5 thoughts on “Quote of the Day”

  1. I haven’t read the book, but did hear him talk about it at a Borders. While it’s true that many German Marxists did turn into Nazis, I think there are also psychological differences between the kinds of people attracted to Marxism and those attracted to Fascism/Naziism…these are well captured by Huxley in the following passage:

    “In the field of politics the equivalent of a theorem is a perfectly disciplined army; of a sonnet or picture, a police state under a dictatorship. The Marxist calls himself scientific and to this claim the Fascist adds another: he is the poet–the scientific poet–of a new mythology. Both are justified in their pretensions; for each applies to human situations the procedures which have proved effective in the laboratory and the ivory tower. They simplify, they abstract, they eliminate all that, for their purposes, is irrelevant and ignore whatever they choose to regard an inessential; they impose a style, they compel the facts to verify a favorite hypothesis, they consign to the waste paper basket all that, to their mind, falls short of perfection…the dream of Order begets tyranny, the dream of Beauty, monsters and violence.”
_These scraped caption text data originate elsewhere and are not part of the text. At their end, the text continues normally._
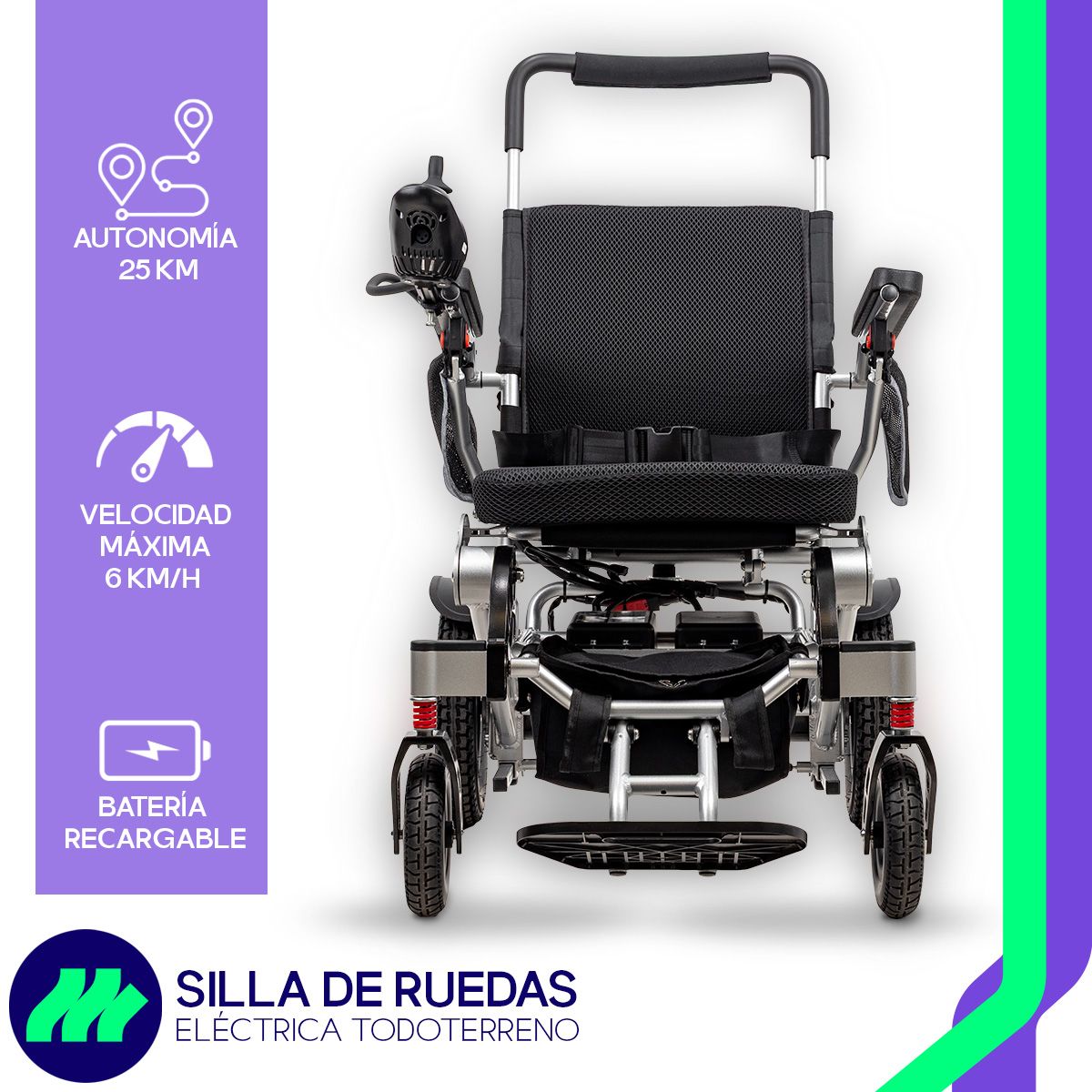 Silla Eléctrica Plegable Para Adultos Mayores Joystick Asiento Acojinado Ruedas Todo Terreno Reclinable Portátil Control Manual Fácil Uso Movilidad Reducida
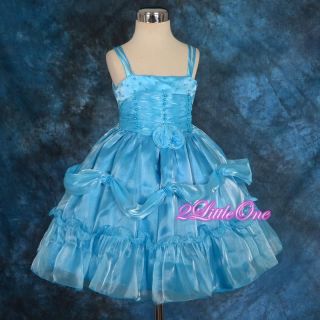 Beaded Ruffle Flower Girl Dress Wedding Pageant Party Blue Toddler Size 2 3T 203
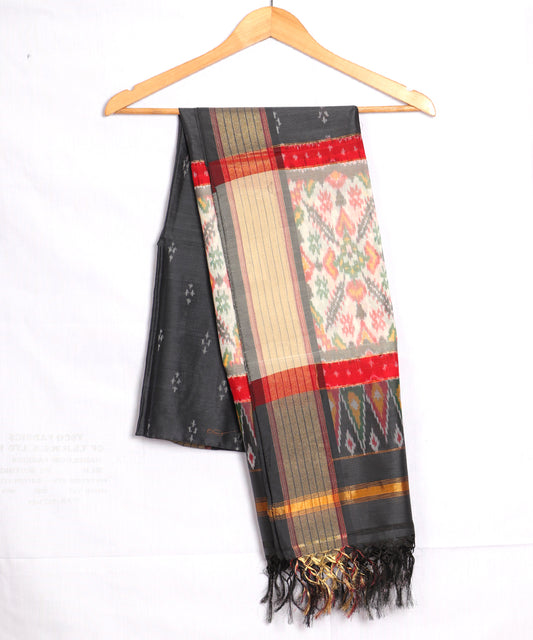 Anchor gray color handloom ikat sico dupattas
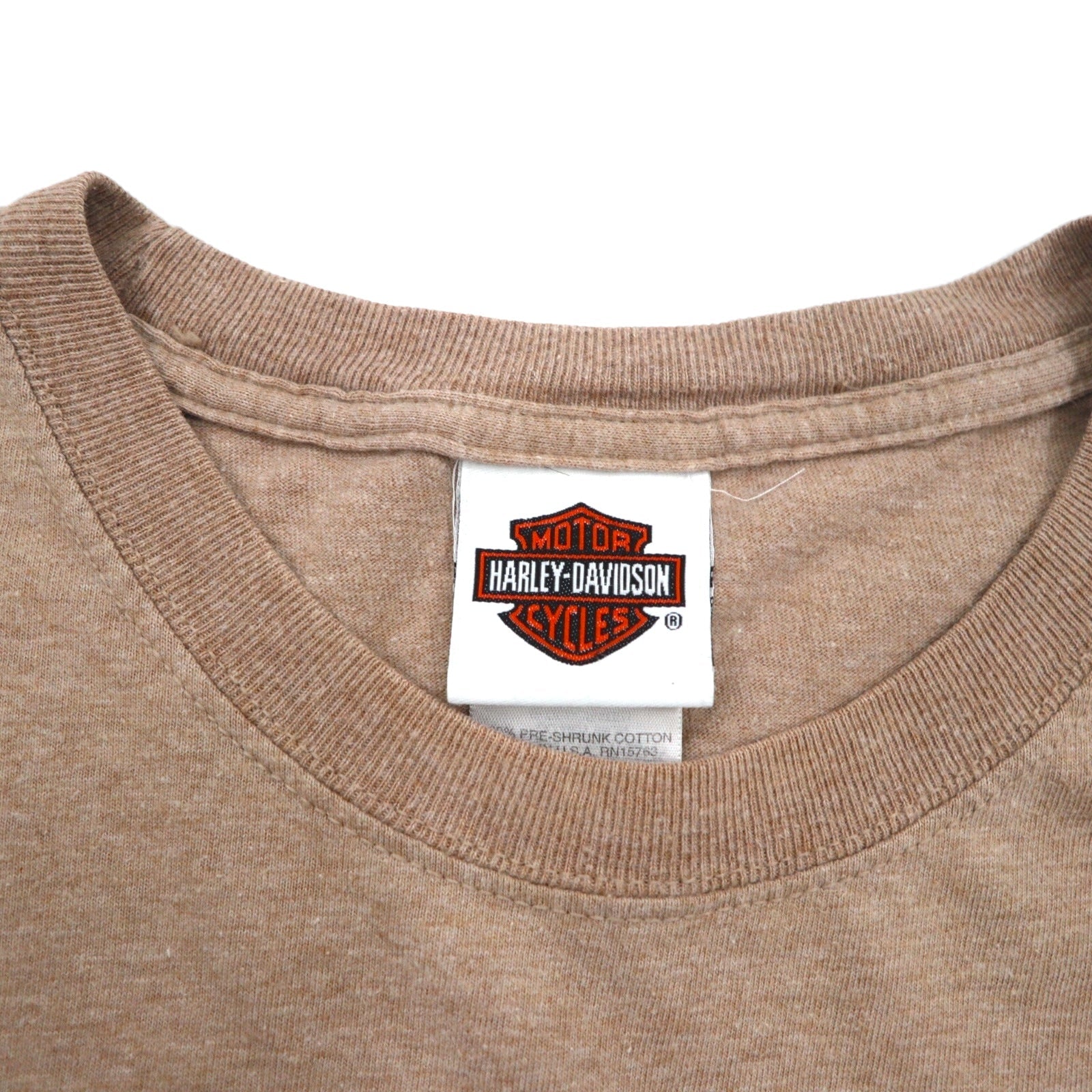 HARLEY DAVIDSON T-shirt stampata Hanes BEEFY-T made in USA XL cotone beige ALASKA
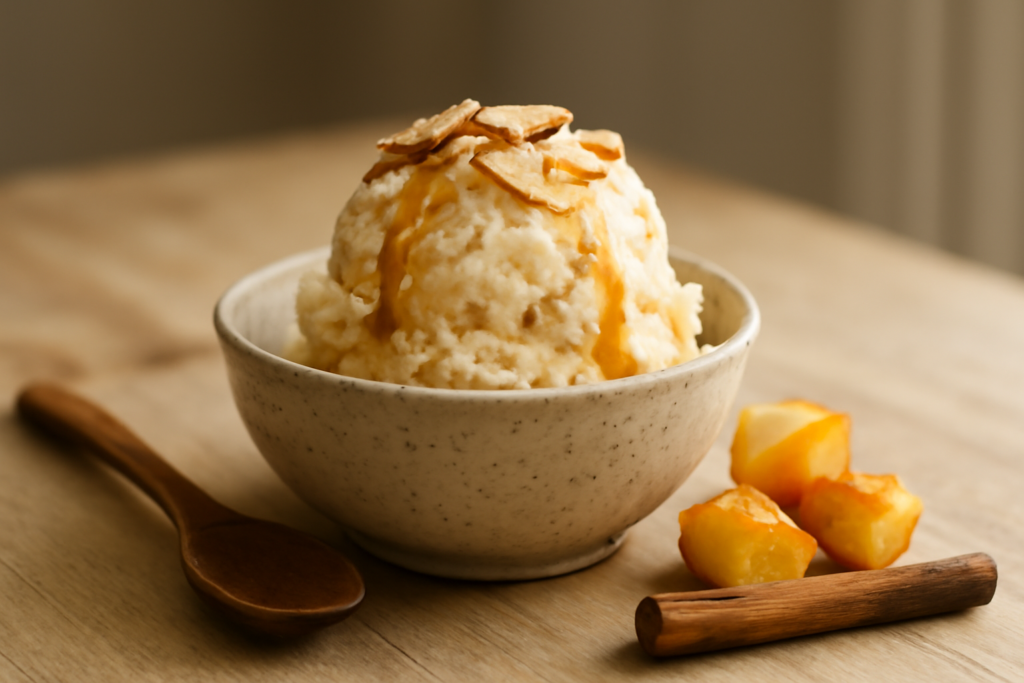 Semangkuk es krim apel panggang dengan taburan almond dan saus karamel tipis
  2. When the Enlightenment postulated a world of rationality, science, individual rights, and political non-absolutism in contrast to the world wide rule of irrationality, superstition, collectivist power, and political/religious absolutism, the counter-attack from those who recognized the former principles as a deadly threat not only to their current position, but the very underpinnings of all they claimed to possess by right of nobility or divine edict was immediate.

    The response was a furious and unrelenting assault on those concepts that so threatened their position by any number of intellectual, artistic, philosophical, or aristocratic adversaries. One of the more outrageous shams was the utterly false claim that the only true alternative to collectivism of the “right” was collectivism of the “left”.

    For over a century, the alleged spectrum of political beliefs ran from dicatatorship by “rightist” elements to collectivism under the vanguard of “leftist ” factions. For reasons unfathomable to me, the latter was supposed to be preferable.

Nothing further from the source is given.